RPSM03105522 - Technical Pages: Protecting pension rights from tax charges: Lump sums: Scheme specific protection: Block transfer issues

Problems with making a block transfer to a scheme that already has protection of lump sums exceeding 25% for an individual

[Para 31(9) Sch 36]

Protection of lump sum rights exceeding 25% is not fully effective where a transfer results in a scheme containing two or more tranches of lump sums exceeding 25% for an individual.

Lump sum protection under Finance Act 2004 was originally written on the basis that a block transfer could not be made where the individual was already a member of the scheme receiving the transfer.

Where there is a block transfer continuing protection is given by treating the scheme receiving the block transfer as if it were the scheme making the transfer for the purposes of establishing the maximum pension commencement lump sum the individual can receive. This protection clearly works where the receiving scheme has only received one block transfer for the individual and it was not previously a protected pension scheme for that individual.

Changes made by FA 2005 and the Registered Pension Schemes (Block Transfers) (Permitted Membership Period) Regulations 2006 – SI 2006/498 – mean that a block transfer can be made where an individual has been a member of the receiving scheme for no more than 12 months before the date of the transfer.
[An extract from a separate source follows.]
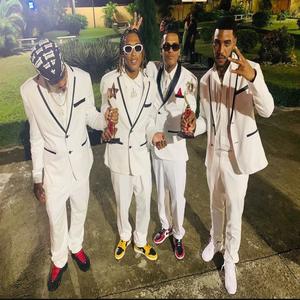 Yo fumo yerba (feat. La sagra, Tao el menor & Ganguero 313)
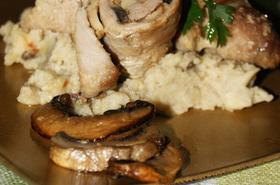 Свински руладини с гъби и пюре от кестени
This means that

  • a scheme can receive more than one block transfer in respect of an individual, or
  • a block transfer can be made to a scheme under which an individual already has protection for lump sums exceeding 25%.
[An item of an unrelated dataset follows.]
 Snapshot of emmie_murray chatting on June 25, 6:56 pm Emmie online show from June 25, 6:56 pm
There are problems with how protection operates where a transfer results in an individual having more than one tranche of lump sum rights exceeding 25% in a single pension scheme.
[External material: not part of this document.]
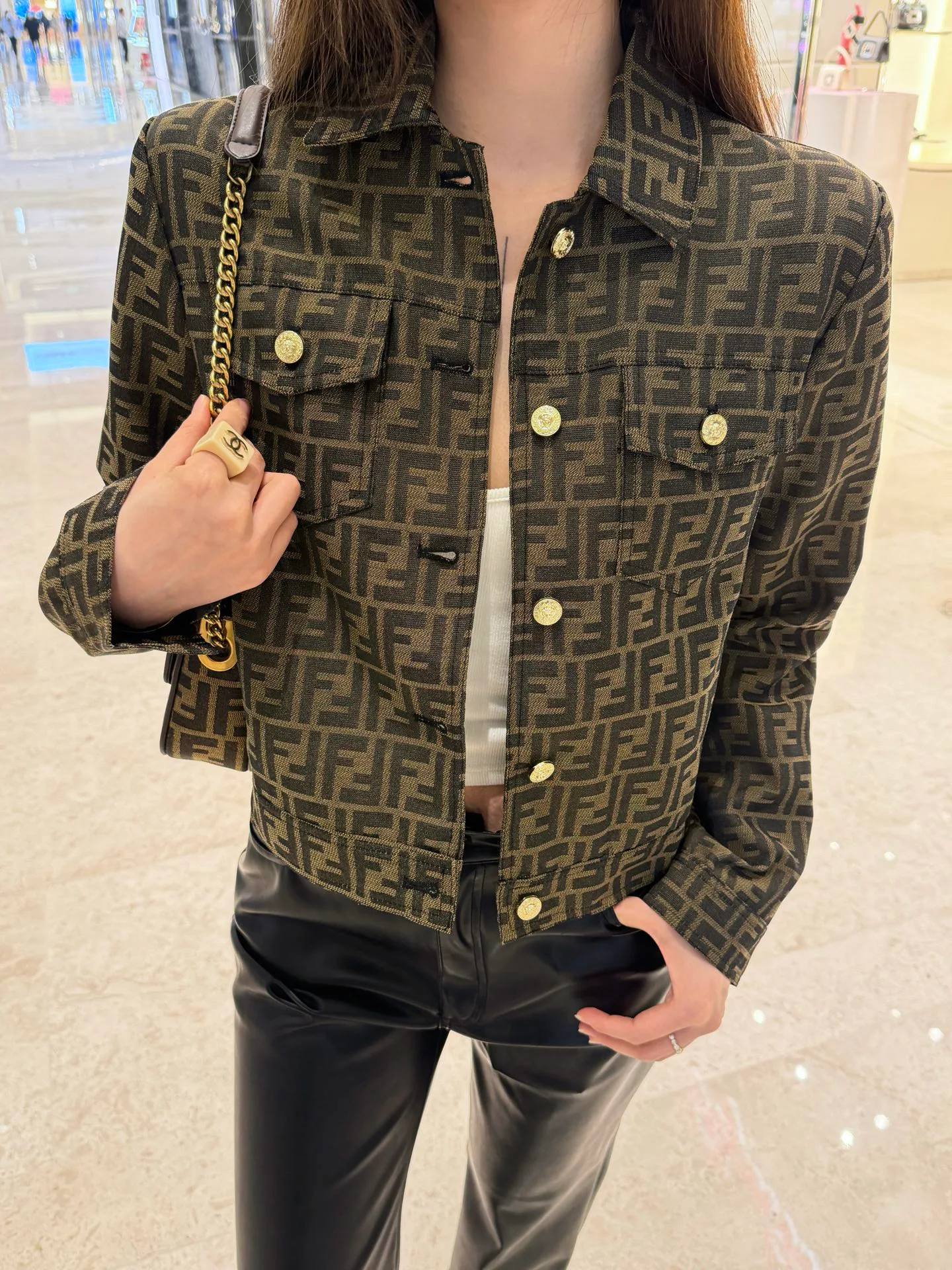 Куртки И Пуховики Женские Fendi 1556494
As protection on block transfers work by treating the receiving scheme as if it were the transferring scheme protection can only be given to one (not all) tranche(s) of protected lump sums for an individual. The legislation is drafted to give protection both to an ‘original’ protected pension scheme and a scheme receiving a block transfer. The interaction of the legislation is such that it is the value of the lump sum held on 5 April 2006 (the ‘condition A’ lump sum’) that is protected. Protection for the lump sum rights being transferred is lost even though the transfer is a block transfer.

The difficulties of this situation can be avoided by not making block transfers to schemes that are already protected or have already received a block transfer of lump sum rights exceeding 25% for the individual.